Zwei volle Tage stehen Ihnen für Pirschfahrten in der Savuti-Region zur Verfügung. Das Gebiet ist Teil des Chobe-Nationalpark und für exzellente Safari-Möglichkeiten bekannt. Fotografen eröffnet sich hier eine ungeahnte Motivvielfalt: Im Unterschied zum größten Teil Botswanas ist Savuti kein Flachland. Vulkanfelsen erheben sich hier aus dem Sand der Kalahari, überragen die Savanne und bilden einen eigenen Lebensraum für eine Anzahl kleinerer Wildtiere, Vögel und Pflanzen. Das Schwemmland von Savuti wiederum ist der Schauplatz dramatischer Interaktion und spektakulärer Jagden: In der weiten Landschaft der Savuti-Marschen finden die starken Löwen- und Hyänenfamilien große Huftierpopulationen vor. Außerdem ist das Schwemmland die Heimat der Geparden, während in der Regenzeit hier Afrikanische Wildhunde auf die Jagd gehen. Eine absolute Besonderheit sind die elefantenjagenden Savuti-Löwen: Eine große Löwengruppe mit 20 bis 30 Tieren hat im Laufe der Jahre gelernt, die riesigen Dickhäuter zu erlegen. Im Schutz der Dunkelheit und dank ihrer Überzahl gelingt es ihnen, heranwachsende und selbst junge erwachsene Elefanten zu töten. 2 Übernachtungen wie am Vortag.

7. Tag: Savuti – Khwai-Fluss (F/M/A)

Von den eher trockenen Savuti-Landschaften geht es heute in Richtung Süden zum Khwai-Fluss (Fahrzeit ca. 4–5 Std.). Während der aussichtsreichen Fahrt stoßen Sie auf Überbleibsel des vor zehntausenden von Jahren ausgetrockneten Sees Makgadikgadi. Der herausforderndste Teil der Strecke ist die Durchquerung des Magwikwe-Sandkamms, der einst das Ufer dieses riesigen Binnensees bildete. Der gewundene Fahrweg führt mitten durch den tiefen Sand.

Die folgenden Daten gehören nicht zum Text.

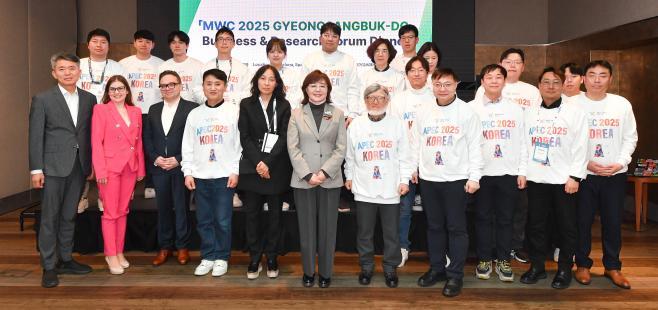 3._MWC_경북기업관_참관1.jpg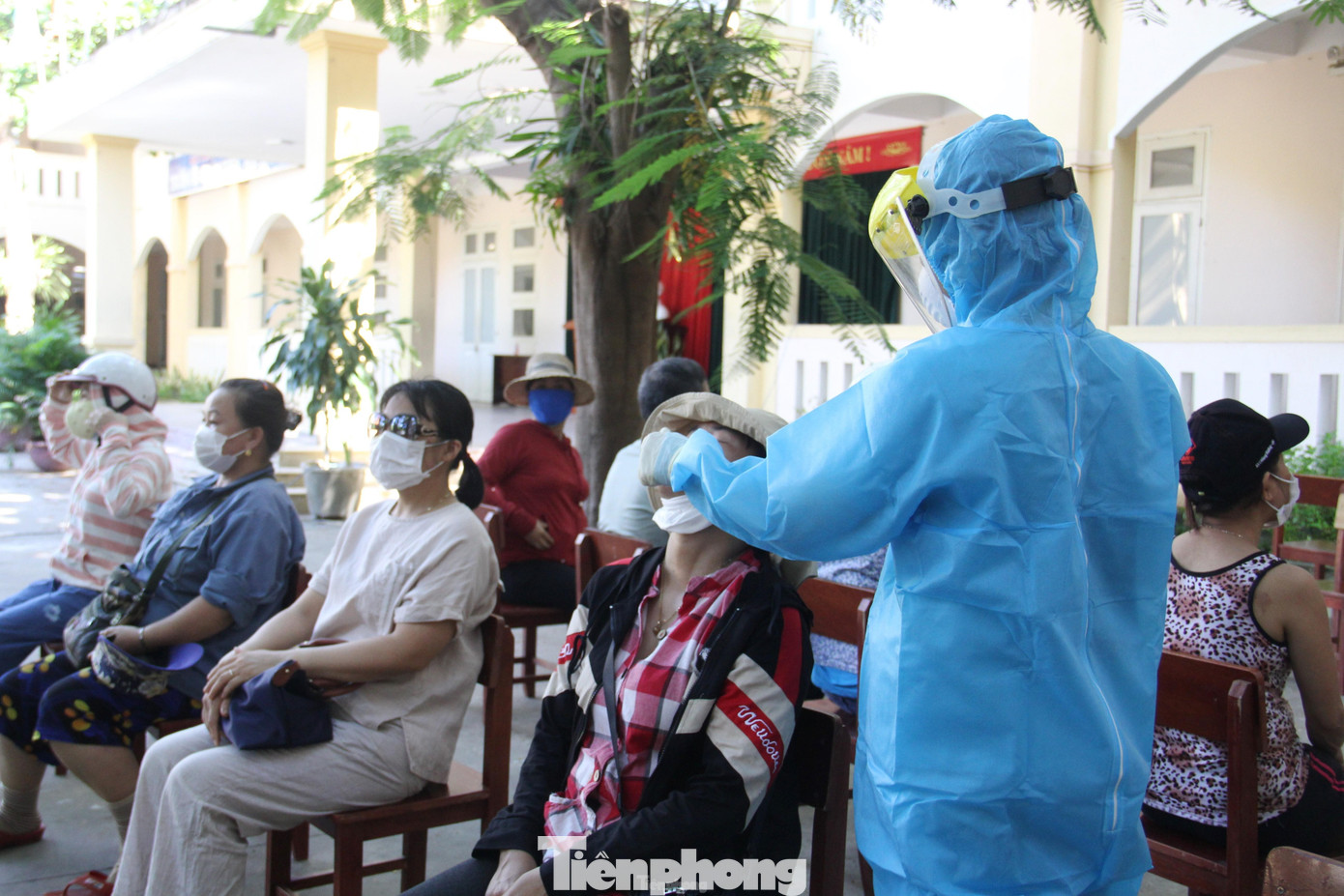 Nhân viên y tế lấy mẫu cho tiểu thương do có ca nhiễm COVID-19 vào chợ. Ảnh: Thanh Trần.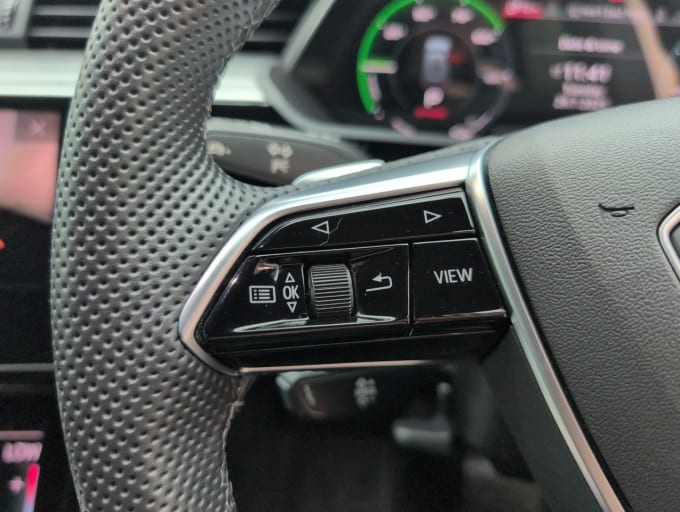 2025 Audi E-tron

Der einstige Seeboden bildet heute die Mababe-Senke, deren Lehmboden ein reichhaltiges Futterangebot hervorbringt; vor allem nach Regenfällen sind hier unzählige Tiere anzutreffen. (In der Regenzeit ist die Senke unpassierbar, was eine andere Routenführung nötig macht.) Auf der heutigen Pirschfahrt kann viel passieren: Sie durchqueren die meisten im nördlichen Botswana vorkommenden Typen von Habitat, fahren durch erstklassiges Löwengebiet und eine der besten Regionen auf dieser Reise, um Geparden zu sichten. Vielleicht treffen Sie auch auf Elefanten – vor allem zu Beginn und zum Ende der Etappe sind die Chancen hoch. Die Mababe-Senke ist außerdem ein Paradies für Vogelbeobachter: Die nahrhaften Gräser, die hier wachsen, ziehen zahlreiche Prachtfinken und Witwenvogel-Arten an, von denen sich kleinere Raubvögel wie Lannerfalke, Gabarhabicht und Schikrasperber ernähren. Die Grassamen stehen aber auch auf dem Speiseplan zahlreicher Nagetiere; dies wiederum ruft Sekretäre, Raubadler und Gleitaare auf den Plan… Übernachtung im Tented Camp im Gebiet der Khwai Community.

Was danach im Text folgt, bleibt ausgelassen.